QuestionI'm on the Property Owners Association Board for a neighborhood in west Little Rock. In the past couple of years, we've noticed an invasion of what I think is spur weed- stickers, in our play ground and beach area. What chemical spray and procedure should we use this fall and in the future to get rid of these terrible nuisances?

 Answer You actually have two options. You can use a pre-emergent herbicide in mid October to mid November or you can wait for the weeds to germinate and then easily kill them with a broad leaf herbicide such as 2-4 D. The key is to make the application early enough in the winter season to prevent seed set. The seeds on spurweed are the stickers, and once formed you can't get rid of them until the next season. Spray the post-emergent spray of 2, 4-D in January or February. As with any pesticides used around children or pets, read and follow all label directions for any precautions.

QuestionHELP!! About 2 weeks ago, I put out 3- 40 lb bags of Weed and Feed. It said it would kill henbit and sandburs and other weeds. Unfortunately, I did not save a bag to see exactly what all it said. Now my weeds are so beautiful and green and nothing is dead or dying. They look healthier than ever. The last two years the weeds have gotten worse and worse and I have got to nip them in the bud. But this has backfired and I have spent a lot of money and still have weeds. I saved an article out of the paper from last year from a lady who battled henbit, (even picked it all out by hand) and your advice to her was to put this stuff out in January, (which I did). I now have green weeds and nothing dying. I am beginning to not care if I have a lawn, just so I don't have weeds. I have partly St. Augustine, which in one part of lawn is so thick; I don't have a problem with weeds. In another part of the lawn there is a mixture of Bermuda and St. Augustine -- that is where the weeds are taking over.

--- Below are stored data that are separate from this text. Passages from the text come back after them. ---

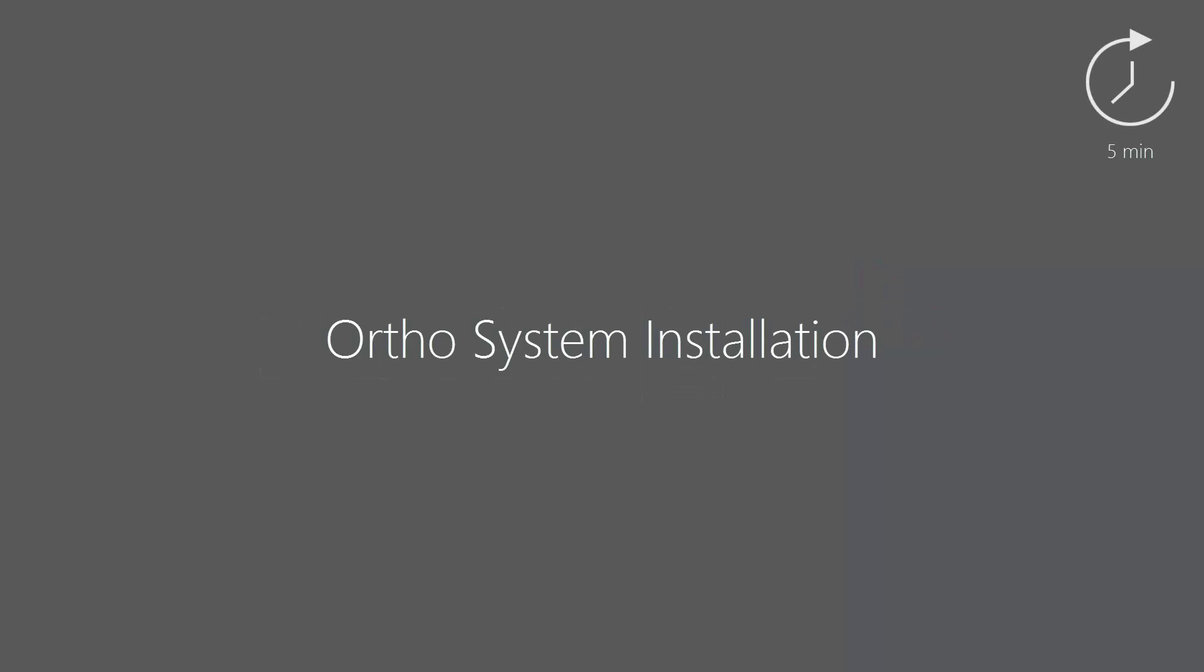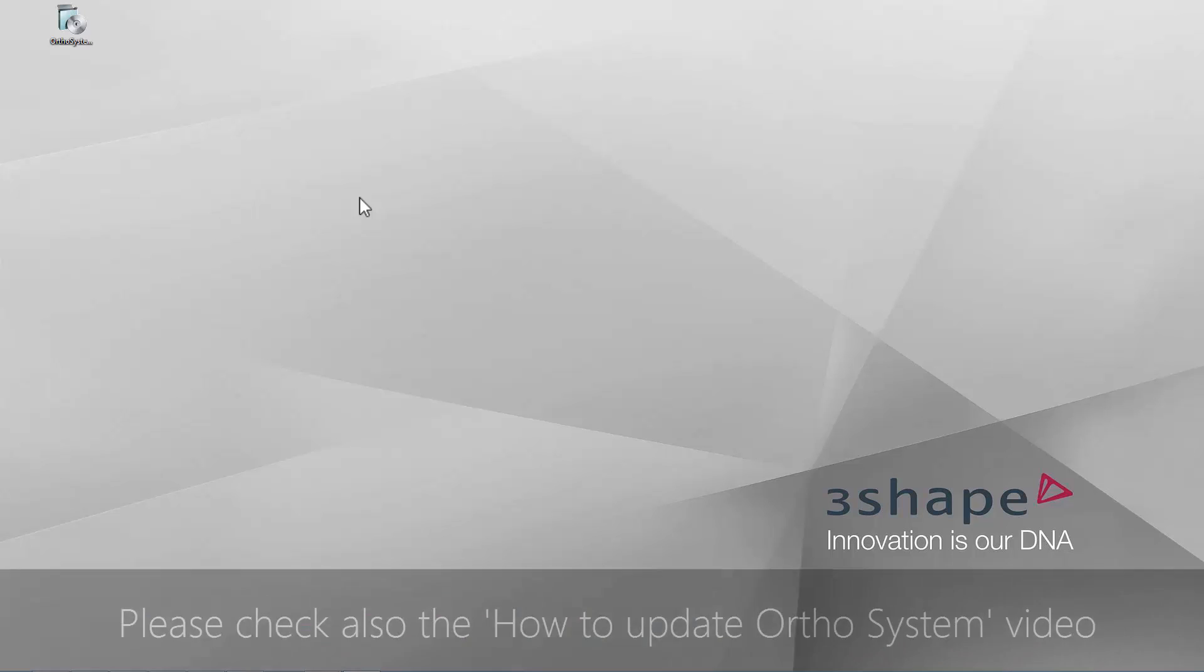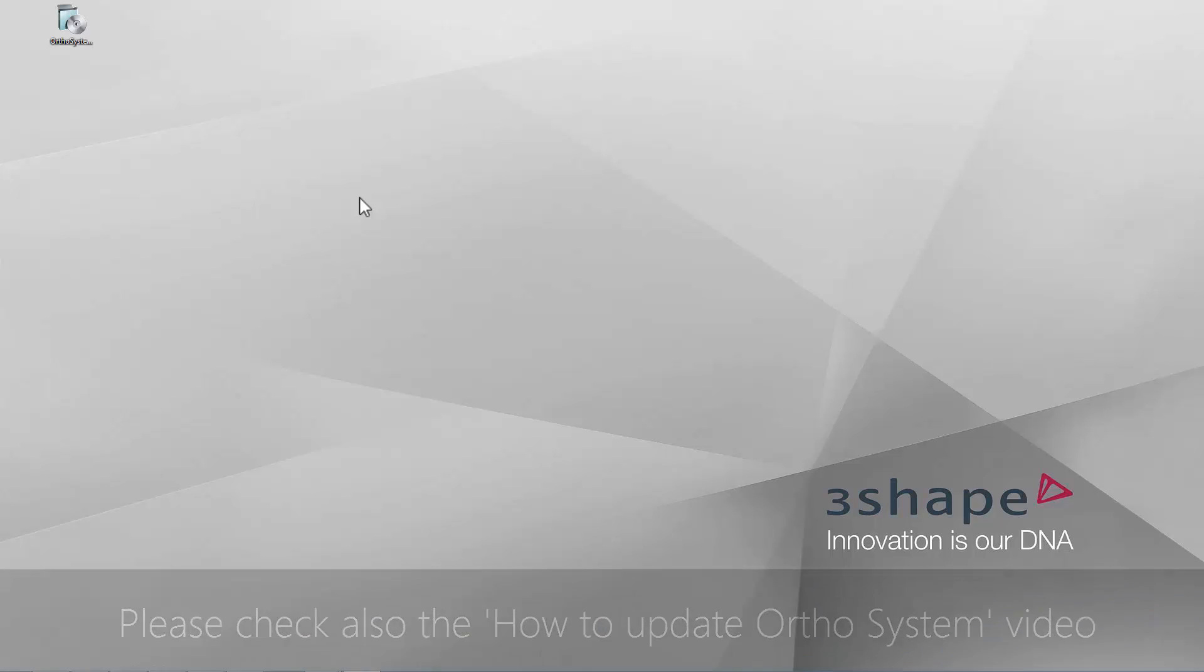In this video you will learn how to install OrthoSystem 2015 on server and client PCs. This video describes the so-called clean installation, which means installing the OrthoSystem on a PC that didn't already have a previous version of 3Shape Ortho software. For more information on updating the Ortho applications, you may also watch our How to Update OrthoSystem video.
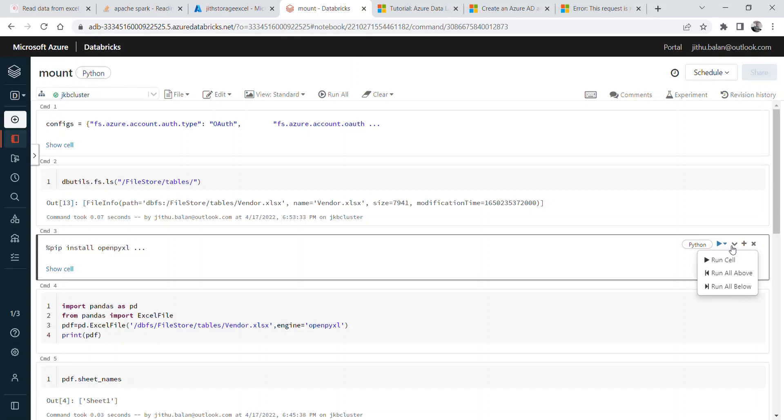So what I did is we used pandas Python pandas dataframe, then converted the Python dataframe into PySpark dataframe. To use pandas library, we need to install openpyxl.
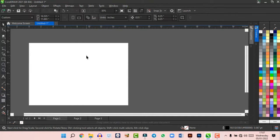The first tool is the Pick tool, which lets you click, move, and transform objects. The Shape tool helps you edit objects — if you click and hold any tool that has a small arrow in the corner, it reveals additional tools underneath. Those sub-tools help you edit objects in different ways.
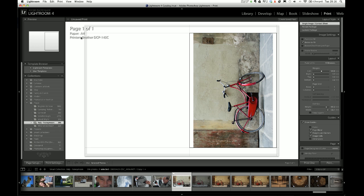Then what it becomes about is just simple mathematics really, knowing the measurements of A4 paper, which I happen to know is 297 millimetres by 210 millimetres. And then it's working out what borders you want round the image and where that half way line will fall.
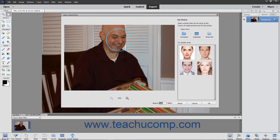Then use the options at the right side of the Open Closed Eyes dialog box to select the source of eyes for the currently selected face. You can click a face in the Try Sample Eyes list to apply the sample eyes to the selected face. However, you should select a more authentic source set of eyes from existing photos.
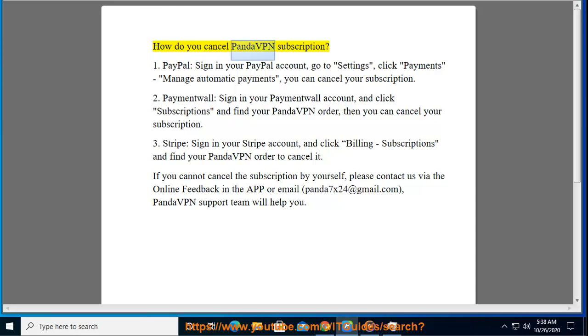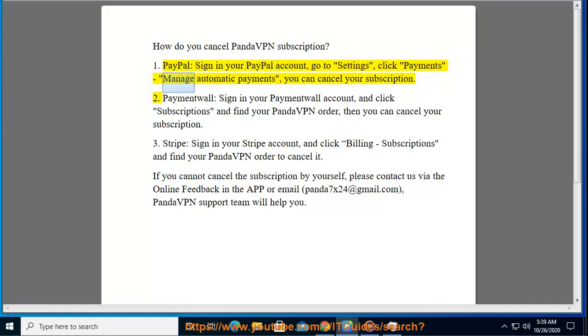How do you cancel PantaVPN subscription? 1. PayPal: sign in to your PayPal account, go to Settings, click Payments, then Manage Automatic Payments, and you can cancel your subscription.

I live in the middle of a pasture on 137 acres. Years ago, when we had cows, we sprigged a hybrid Bermuda grass called Alicia. It is great for cows and hay but not for flowers or gardening. It grows 12 foot long runners and when you fertilize your flowers or garden, the Alicia grass just goes wild. So I have mostly gone to shrubs and trees around my house because I like to do other things besides battle grass. The only thing to tame the Bermuda is Round-up. Is that what I must resort to for killing the weeds?

 AnswerI wish you still had the bag. Many weed and feed products are a pre-emergent herbicide coupled with fertilizer. Pre-emergent herbicides are used to prevent weeds from germinating not kill those already growing. The product you applied can prevent your summer weeds -- which include sandburs and crabgrass, but won't have any impact on those winter weeds which are already growing. To prevent winter weeds you must use a PRE-emergent in November. As you noticed, you may have actually helped the winter weeds grow with that "feed" portion, which is fertilizer. For now, you can use a product containing 2,4- D -- Trimec is one such product but there are many other brand names. Look for a broad leaf weed KILLER not PREVENTOR. Be sure you find a product that says it is safe to use on St. Augustine. There is nothing that would kill Bermuda without also killing the St. Augustine. Bermuda is a much tougher lawn than St. Augustine, and if you have sun, you may want to convert—giving yourself a weed free zone of mulch between lawn and flower beds. Good luck!